Exercise brief =>
Below is a set of records; print all of them exactly as written.

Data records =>
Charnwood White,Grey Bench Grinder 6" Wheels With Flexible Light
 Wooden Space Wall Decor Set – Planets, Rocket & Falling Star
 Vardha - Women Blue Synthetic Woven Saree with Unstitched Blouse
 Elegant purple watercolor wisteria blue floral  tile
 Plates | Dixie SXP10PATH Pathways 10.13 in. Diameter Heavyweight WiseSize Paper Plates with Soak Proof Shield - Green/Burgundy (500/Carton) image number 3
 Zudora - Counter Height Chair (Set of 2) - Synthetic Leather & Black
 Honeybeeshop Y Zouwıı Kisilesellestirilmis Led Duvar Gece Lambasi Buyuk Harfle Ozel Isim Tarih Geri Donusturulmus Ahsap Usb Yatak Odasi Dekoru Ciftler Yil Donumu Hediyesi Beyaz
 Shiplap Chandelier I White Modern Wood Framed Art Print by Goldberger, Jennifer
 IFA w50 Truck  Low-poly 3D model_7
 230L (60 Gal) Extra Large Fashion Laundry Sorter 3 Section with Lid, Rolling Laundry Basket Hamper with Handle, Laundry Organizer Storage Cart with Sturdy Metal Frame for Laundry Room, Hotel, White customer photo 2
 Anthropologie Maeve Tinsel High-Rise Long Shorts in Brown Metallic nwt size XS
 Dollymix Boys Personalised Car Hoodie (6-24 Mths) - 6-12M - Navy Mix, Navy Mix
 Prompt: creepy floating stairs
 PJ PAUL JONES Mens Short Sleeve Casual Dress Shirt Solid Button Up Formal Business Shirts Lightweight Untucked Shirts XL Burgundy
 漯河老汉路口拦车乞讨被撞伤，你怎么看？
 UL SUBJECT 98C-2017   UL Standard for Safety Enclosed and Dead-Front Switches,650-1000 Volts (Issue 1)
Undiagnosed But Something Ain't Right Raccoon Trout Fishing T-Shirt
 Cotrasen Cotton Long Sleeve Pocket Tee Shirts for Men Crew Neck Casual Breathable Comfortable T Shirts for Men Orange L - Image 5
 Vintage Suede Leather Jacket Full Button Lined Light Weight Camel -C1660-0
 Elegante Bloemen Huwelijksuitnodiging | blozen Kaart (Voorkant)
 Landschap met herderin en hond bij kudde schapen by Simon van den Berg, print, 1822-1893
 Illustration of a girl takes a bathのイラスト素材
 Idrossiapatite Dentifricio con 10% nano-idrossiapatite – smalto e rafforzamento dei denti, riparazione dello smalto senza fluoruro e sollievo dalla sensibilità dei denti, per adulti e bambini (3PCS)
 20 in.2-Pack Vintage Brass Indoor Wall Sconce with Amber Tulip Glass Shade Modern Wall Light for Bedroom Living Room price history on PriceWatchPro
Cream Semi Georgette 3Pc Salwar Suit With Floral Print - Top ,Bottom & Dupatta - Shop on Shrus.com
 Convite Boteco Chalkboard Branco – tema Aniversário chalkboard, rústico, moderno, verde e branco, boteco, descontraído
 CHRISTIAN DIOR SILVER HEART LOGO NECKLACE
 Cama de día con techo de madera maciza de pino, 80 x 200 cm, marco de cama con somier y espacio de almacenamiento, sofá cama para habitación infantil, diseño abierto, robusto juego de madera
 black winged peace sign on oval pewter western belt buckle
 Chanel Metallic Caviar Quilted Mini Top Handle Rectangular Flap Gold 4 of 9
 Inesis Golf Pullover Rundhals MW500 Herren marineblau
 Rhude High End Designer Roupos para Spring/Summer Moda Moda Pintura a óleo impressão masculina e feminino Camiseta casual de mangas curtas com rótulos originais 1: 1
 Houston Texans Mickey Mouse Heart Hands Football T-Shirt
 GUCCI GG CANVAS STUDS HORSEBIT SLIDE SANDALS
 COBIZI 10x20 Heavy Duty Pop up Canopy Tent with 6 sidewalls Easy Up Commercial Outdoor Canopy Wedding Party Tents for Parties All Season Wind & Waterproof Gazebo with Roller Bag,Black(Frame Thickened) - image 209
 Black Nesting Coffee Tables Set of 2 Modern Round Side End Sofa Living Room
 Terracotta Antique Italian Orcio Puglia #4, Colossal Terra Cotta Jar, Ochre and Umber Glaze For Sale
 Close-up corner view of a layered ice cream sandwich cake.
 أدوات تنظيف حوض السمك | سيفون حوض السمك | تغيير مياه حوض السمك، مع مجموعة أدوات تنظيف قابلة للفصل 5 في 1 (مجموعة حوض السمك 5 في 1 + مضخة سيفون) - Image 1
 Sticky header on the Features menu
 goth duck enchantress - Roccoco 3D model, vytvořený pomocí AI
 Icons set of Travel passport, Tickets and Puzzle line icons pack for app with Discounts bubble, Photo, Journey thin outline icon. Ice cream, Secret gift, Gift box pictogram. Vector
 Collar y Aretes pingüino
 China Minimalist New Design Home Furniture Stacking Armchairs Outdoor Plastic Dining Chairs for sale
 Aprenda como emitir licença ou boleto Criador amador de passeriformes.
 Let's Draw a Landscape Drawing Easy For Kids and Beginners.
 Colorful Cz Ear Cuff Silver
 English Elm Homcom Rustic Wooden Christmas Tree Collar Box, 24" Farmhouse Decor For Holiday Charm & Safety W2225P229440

Response =>
Charnwood White,Grey Bench Grinder 6" Wheels With Flexible Light
 Wooden Space Wall Decor Set – Planets, Rocket & Falling Star
 Vardha - Women Blue Synthetic Woven Saree with Unstitched Blouse
 Elegant purple watercolor wisteria blue floral  tile
 Plates | Dixie SXP10PATH Pathways 10.13 in. Diameter Heavyweight WiseSize Paper Plates with Soak Proof Shield - Green/Burgundy (500/Carton) image number 3
 Zudora - Counter Height Chair (Set of 2) - Synthetic Leather & Black
 Honeybeeshop Y Zouwıı Kisilesellestirilmis Led Duvar Gece Lambasi Buyuk Harfle Ozel Isim Tarih Geri Donusturulmus Ahsap Usb Yatak Odasi Dekoru Ciftler Yil Donumu Hediyesi Beyaz
 Shiplap Chandelier I White Modern Wood Framed Art Print by Goldberger, Jennifer
 IFA w50 Truck  Low-poly 3D model_7
 230L (60 Gal) Extra Large Fashion Laundry Sorter 3 Section with Lid, Rolling Laundry Basket Hamper with Handle, Laundry Organizer Storage Cart with Sturdy Metal Frame for Laundry Room, Hotel, White customer photo 2
 Anthropologie Maeve Tinsel High-Rise Long Shorts in Brown Metallic nwt size XS
 Dollymix Boys Personalised Car Hoodie (6-24 Mths) - 6-12M - Navy Mix, Navy Mix
 Prompt: creepy floating stairs
 PJ PAUL JONES Mens Short Sleeve Casual Dress Shirt Solid Button Up Formal Business Shirts Lightweight Untucked Shirts XL Burgundy
 漯河老汉路口拦车乞讨被撞伤，你怎么看？
 UL SUBJECT 98C-2017   UL Standard for Safety Enclosed and Dead-Front Switches,650-1000 Volts (Issue 1)
Undiagnosed But Something Ain't Right Raccoon Trout Fishing T-Shirt
 Cotrasen Cotton Long Sleeve Pocket Tee Shirts for Men Crew Neck Casual Breathable Comfortable T Shirts for Men Orange L - Image 5
 Vintage Suede Leather Jacket Full Button Lined Light Weight Camel -C1660-0
 Elegante Bloemen Huwelijksuitnodiging | blozen Kaart (Voorkant)
 Landschap met herderin en hond bij kudde schapen by Simon van den Berg, print, 1822-1893
 Illustration of a girl takes a bathのイラスト素材
 Idrossiapatite Dentifricio con 10% nano-idrossiapatite – smalto e rafforzamento dei denti, riparazione dello smalto senza fluoruro e sollievo dalla sensibilità dei denti, per adulti e bambini (3PCS)
 20 in.2-Pack Vintage Brass Indoor Wall Sconce with Amber Tulip Glass Shade Modern Wall Light for Bedroom Living Room price history on PriceWatchPro
Cream Semi Georgette 3Pc Salwar Suit With Floral Print - Top ,Bottom & Dupatta - Shop on Shrus.com
 Convite Boteco Chalkboard Branco – tema Aniversário chalkboard, rústico, moderno, verde e branco, boteco, descontraído
 CHRISTIAN DIOR SILVER HEART LOGO NECKLACE
 Cama de día con techo de madera maciza de pino, 80 x 200 cm, marco de cama con somier y espacio de almacenamiento, sofá cama para habitación infantil, diseño abierto, robusto juego de madera
 black winged peace sign on oval pewter western belt buckle
 Chanel Metallic Caviar Quilted Mini Top Handle Rectangular Flap Gold 4 of 9
 Inesis Golf Pullover Rundhals MW500 Herren marineblau
 Rhude High End Designer Roupos para Spring/Summer Moda Moda Pintura a óleo impressão masculina e feminino Camiseta casual de mangas curtas com rótulos originais 1: 1
 Houston Texans Mickey Mouse Heart Hands Football T-Shirt
 GUCCI GG CANVAS STUDS HORSEBIT SLIDE SANDALS
 COBIZI 10x20 Heavy Duty Pop up Canopy Tent with 6 sidewalls Easy Up Commercial Outdoor Canopy Wedding Party Tents for Parties All Season Wind & Waterproof Gazebo with Roller Bag,Black(Frame Thickened) - image 209
 Black Nesting Coffee Tables Set of 2 Modern Round Side End Sofa Living Room
 Terracotta Antique Italian Orcio Puglia #4, Colossal Terra Cotta Jar, Ochre and Umber Glaze For Sale
 Close-up corner view of a layered ice cream sandwich cake.
 أدوات تنظيف حوض السمك | سيفون حوض السمك | تغيير مياه حوض السمك، مع مجموعة أدوات تنظيف قابلة للفصل 5 في 1 (مجموعة حوض السمك 5 في 1 + مضخة سيفون) - Image 1
 Sticky header on the Features menu
 goth duck enchantress - Roccoco 3D model, vytvořený pomocí AI
 Icons set of Travel passport, Tickets and Puzzle line icons pack for app with Discounts bubble, Photo, Journey thin outline icon. Ice cream, Secret gift, Gift box pictogram. Vector
 Collar y Aretes pingüino
 China Minimalist New Design Home Furniture Stacking Armchairs Outdoor Plastic Dining Chairs for sale
 Aprenda como emitir licença ou boleto Criador amador de passeriformes.
 Let's Draw a Landscape Drawing Easy For Kids and Beginners.
 Colorful Cz Ear Cuff Silver
 English Elm Homcom Rustic Wooden Christmas Tree Collar Box, 24" Farmhouse Decor For Holiday Charm & Safety W2225P229440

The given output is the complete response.